Atau kadang mereka bertemu di luar sekolah ketika ada tugas yang melibatkan kelompok. Itu pun jarang. Tanpa ada pengawasan dari pihak sekolah. “Kita tidak bisa menilai dan tahu karakter siswa. Hanya tahu kalau ada yang tidak mengerjakan tugas. Alasannya juga macam-macam,” kata Guru PKN dan Prakarya SMPN 11 Eulis Henda Nugraha.
Memang kendala itu selalu ditemukan. Lagi, karena tidak bertatap langsung, para guru hanya mendengarkan alasan itu secara virtual. Sambil berharap kalau yang disampaikan siswa itu benar. Jujur. Kendala paling umum adalah ketersediaan jaringan atau konektivitas internet. Atau juga kapasitas dari smartphone yang dimiliki. “Pembelajaran di sekolah tidak bisa hanya mengandalkan teori. Karakter harus dinilai dari berbagai sisi. Tidak hanya nilai,” tutur Eulis.
Di SMKN 2 Cirebon, siswa kelas XII yang lebih aktif datang ke sekolah. Khususnya untuk praktik. Itu juga yang terpantau kemarin. Siswa dan siswi mempersiapkan diri menghadapi uji kompetensi (ujikom) yang dimulai Senin pekan depan (24/5). “Karena jangan sampai siswa atau siswi SMK saat lulus dia tidak bisa apa-apa,” terang Wakasek Kesiswaan sekolah yang berlokasi di Jalan Cipto itu, Siti Komariah.

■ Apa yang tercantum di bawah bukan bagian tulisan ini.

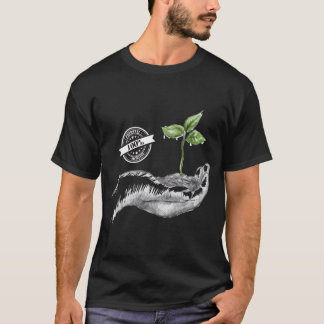Thiqah 紅葉の木 ミニマリスト グラフィックTシャツ Tシャツ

Ada 6 kompetensi keahlian di sekolah dengan jumlah siswa 1.433 itu. Yakni perhotelan, kuliner, tata kecantikan kulit dan rambut, tata busana, perbankan, dan keuangan mikro. Petugas kebersihan juga masih bertugas di sana. Sejak Maret 2021, kata Siti, siswa kelas XII sering datang ke sekolah untuk keperluan pembelajaran. Khususnya praktik.
Itu juga telah lebih dulu melalui persetujuan para orang tua siswa. Dan siswa yang datang dibatasi. Pun dengan jumlahnya hanya boleh setengah dari kapasitas. Guru yang datang ke sekolah, kata Siti, lebih sering untuk keperluan membimbing siswa dalam menghadapi Ujikom itu. “Atau melakukan rapat. Misalnya ada siswa yang terkendala PJJ dan terkait pemberian nilai, itu kan perlu diskusi antarguru juga,” jelasnya.